Gardaí are also familiar with this individual, while Waterford City & County Council’s Anti-Social Behaviour Unit have also been liaising with the force and relatives of the occupant on this particular matter.
It’s also understood that several of the suspected dealers (and customers) in question have moved into Waterford from other parts of Munster and Leinster, with some knowing each other’s acquaintances from those previous residences. Those living in privately-owned residences are believed to be recipients of the Housing Assistance Payment (HAP) scheme and moves to withdraw this benefit have been put to the local authority through various representations in recent weeks.
Meanwhile, those living in Council-owned properties have also “had more pressure put on them” as part of its own ongoing investigation into these worrying developments, with landlords also being asked to take Council-backed action. “One of these individuals, who is in his mid-20s, relapsed pretty hard in the last while,” the source stated. “He eventually had to leave Waterford as he and his friends were having parties to such an extent that the front door of the house he was living in ended up with the imprint of an axe embedded in it, with chunks taken out of the door. The two windows at the front of the house are also boarded up now and one of them was smashed in. Well, to the best of my knowledge, that guy has now done a runner back home to Limerick and the landlord is threatening to follow him up for criminal damage.”
According to the source: “Elderly women have been threatened on the streets by some of these people. In other instances where people have been threatened, many of them are living on their own and they’re terrified that things would remain as they have been over the past two years, or that it might get even worse – and all of this has been fuelled by the (alleged) sale of drugs, including cocaine, at a few different houses across the top of the town.” While at least one arrest in relation to publicly witnessed dealing was made over the past 12 months, drug dealing of this kind appears to have simply shifted location due to sustained Garda monitoring.
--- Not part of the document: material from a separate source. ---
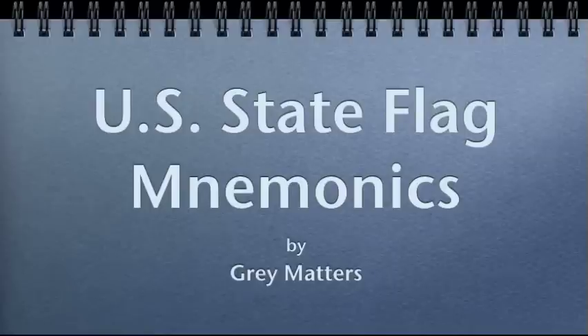Welcome to Gray Matters presentation, U.S. State Flag Mnemonics. This particular presentation is part of a series which together teach methods to remember the flags of all 50 U.S. states plus Washington, D.C.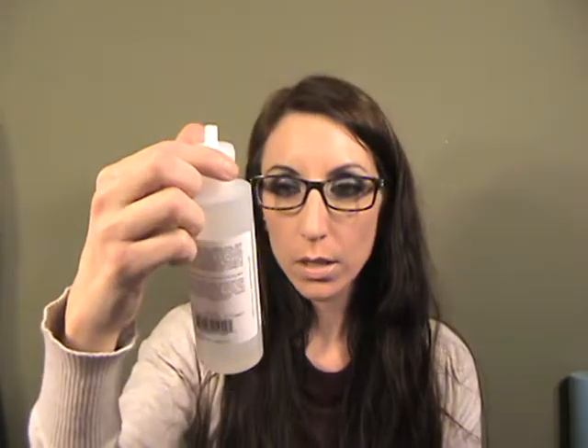This is the Mario Badescu Glycolic Foaming Cleanser. I really use this as a body wash about once a week as an exfoliant. It smells really good — kind of lavender, very spa-like — but I don't particularly like it on my face; it will break me out every time. Everywhere else it's fine, really good stuff as a body wash.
“There’s now a huge level of concern among residents in the area,” said the source. “You’re talking about people in their 60s and 70s who are now scared out of their wits of people much younger than them who’ve been introduced into their neighbourhoods and brought all of their problems with them. The problems we are talking about are not traditionally associated with this part of the city, and hopefully the moves which the Council are taking, in addition with the best efforts of the Guards, will allay the fears that many local residents have made known to various agencies over the past 18 or so months.”